At a recent online Board meeting, Natasha says she felt comfortable enough to be able to turn off the camera so she could breastfeed William while the meeting continued. She would feel just as comfortable had it been a meeting in the office, she says.
“The enabling culture is really important. There are many formal structures, like childcare, keep-in-touch days, health cover, flexible hours all absolutely essential. But if you haven’t got the culture… if you don’t feel comfortable saying to your boss ‘I need to go at three’… I think that’s what needs to change in some companies, though it is getting a lot better.”
Natasha sees diversity and inclusivity as the lifeblood of a company – not just in a performative way. The Recyclus Board encompasses many different backgrounds and disciplines such as waste management, automotive and, in Natasha’s case, technology transfer.

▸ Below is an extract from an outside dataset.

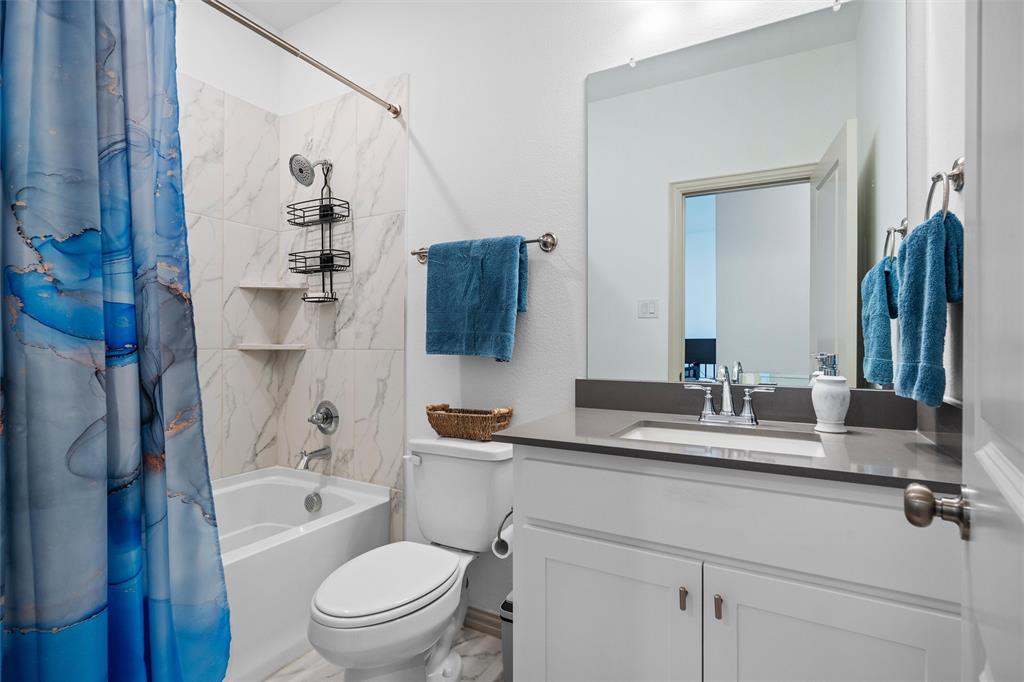408 4th Street Property Photo 19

“Recyclus has a fantastic clear vision. They're doing something ground-breaking. And they are forging ahead. One of the key reasons for their rapid success is the diversity of people at the company. This isn't just about gender, ethnicity, religion, it's about the way people think, their experiences. That's absolutely key to successful companies in the future.
“It has to start from the top, with Boards and even shareholders. As a shareholder, you want to be investing in a company that's going to sustain and grow. If they're not treating their staff right, if they're not bringing in diverse experience, they're not building right. You should be doing this to survive as a business.”
She adds, “There should be more Recycluses.”